Multipe Sclerosis - Related Disorders
Optic Neuritis -
updated: 10 November 2009
Optic neuritis--more than a loss of vision
Aust Fam Physician. 2009 Oct;38(10):789-93.
Chu ER, Chen CS.
BACKGROUND: Optic neuritis is an acute inflammation of the optic nerve that results in painful loss of vision. Patients often present to a general practitioner, and early recognition is important as treatment may improve the speed of vision recovery. OBJECTIVE: This article provides information on the signs and symptoms of optic neuritis and discusses appropriate referral, investigations and management. DISCUSSION: Optic neuritis is the presenting symptom in up to one-fifth of people with multiple sclerosis. Diagnosis of optic neuritis is based on history and examination, therefore obtaining pertinent information and performing proper ophthalmic examination is essential. Prompt recognition and appropriate referral is important to facilitate investigations such as magnetic resonance imaging of the brain that can help predict risk in the development of multiple sclerosis.
Publication Types:
Online - Abstract
Optic neuritis in multiple sclerosis
Ocul Immunol Inflamm. 2002 Sep;10(3):161-86.
Chan JW.
PURPOSE: To review the clinical features, natural history, potential pathogenic mechanisms, differential diagnosis, and management of optic neuritis in multiple sclerosis. METHODS: Relevant literature regarding optic neuritis in multiple sclerosis from 1970 to the present was reviewed. RESULTS: Optic neuritis is an acute inflammatory optic neuropathy. It is the most common type of optic neuropathy causing acute visual loss in young adults (peak age at 30-40 years), especially among women. Patients usually present with an acute reduction of visual acuity, orbital pain exacerbated by eye movements, dyschromatopsia, and an afferent papillary defect, with or without swelling of the optic nerve head. Visual field testing most often reveals central defects, but others, such as centrocecal, can also occur. Magnetic resonance image (MRI) scanning of the brain should be undertaken in all cases of acute optic neuritis for diagnostic and prognostic purposes. The brain lesions of multiple sclerosis are commonly seen as T2 ovoid high-signal white matter lesions on MRI scans of the brain located in perivenular regions perpendicular to ventricles with variable enhancement. For atypical presentations of optic neuritis, additional laboratory tests, such as cerebrospinal fluid analysis, serologic tests, and visual evoked potentials, prove to be useful in the diagnosis and subsequent management of the patient. The recommended treatment for optic neuritis is intravenous steroids, as shown in the Optic Neuritis Treatment Trial (ONTT). CONCLUSION: Optic neuritis is often the initial presentation of multiple sclerosis.

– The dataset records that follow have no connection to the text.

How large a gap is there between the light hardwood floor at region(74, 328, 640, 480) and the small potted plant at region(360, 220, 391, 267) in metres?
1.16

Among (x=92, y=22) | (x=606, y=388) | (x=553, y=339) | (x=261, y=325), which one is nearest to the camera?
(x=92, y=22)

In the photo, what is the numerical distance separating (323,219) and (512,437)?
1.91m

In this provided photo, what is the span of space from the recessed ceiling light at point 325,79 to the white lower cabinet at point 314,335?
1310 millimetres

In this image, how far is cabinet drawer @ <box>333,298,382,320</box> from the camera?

Recent advances in the understanding of the immune basis for multiple sclerosis has led to earlier and more effective treatment of this disease.
Publication Types:
Online - Abstract
Progressive changes in the retinal nerve fiber layer in patients with multiple sclerosis
Eur J Ophthalmol. 2009 Sep 30.
Garcia-Martin E, Pueyo V, Martin J, Almarcegui C, Ara JR, Dolz I, Honrubia FM, Fernandez FJ.

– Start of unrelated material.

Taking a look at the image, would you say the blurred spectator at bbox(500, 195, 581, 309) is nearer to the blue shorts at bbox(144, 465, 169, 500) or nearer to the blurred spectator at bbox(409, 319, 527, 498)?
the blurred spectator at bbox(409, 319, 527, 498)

Purpose. To quantify changes in the retinal nerve fiber layer (RNFL) of patients with multiple sclerosis (MS) over a 1-year time period and to compare the ability of noninvasive diagnostic imaging devices and visual evoked potentials (VEP) to detect axonal loss in these patients. Methods. Eighty-one patients with MS underwent a complete ophthalmic examination that included assessment of visual acuity and color vision, refractive evaluation, visual field examination, optical coherence tomography (OCT), scanning laser polarimetry (GDx), and measurement of VEP. All the patients were re-evaluated after a period of 12 months in order to quantify any change in the RNFL. Only one randomly chosen eye from each patient was included in the study. Results. Statistically significant differences between the 2 examinations were recorded for the overall mean and inferior RNFL thickness and the macular volume, as assessed by OCT, as well as for the temporal-superior-nasal-inferior-temporal average standard deviation provided by GDx. The greatest differences were obtained for the mean RNFL thickness (90.46 microm vs 85.96 microm). Changes in the optic nerve were detected by structural measurements but not by functional assessments. Conclusions. Axonal loss in the optic nerve of patients with MS is greater than that expected in healthy subjects, regardless of the presence of a previous optic neuritis.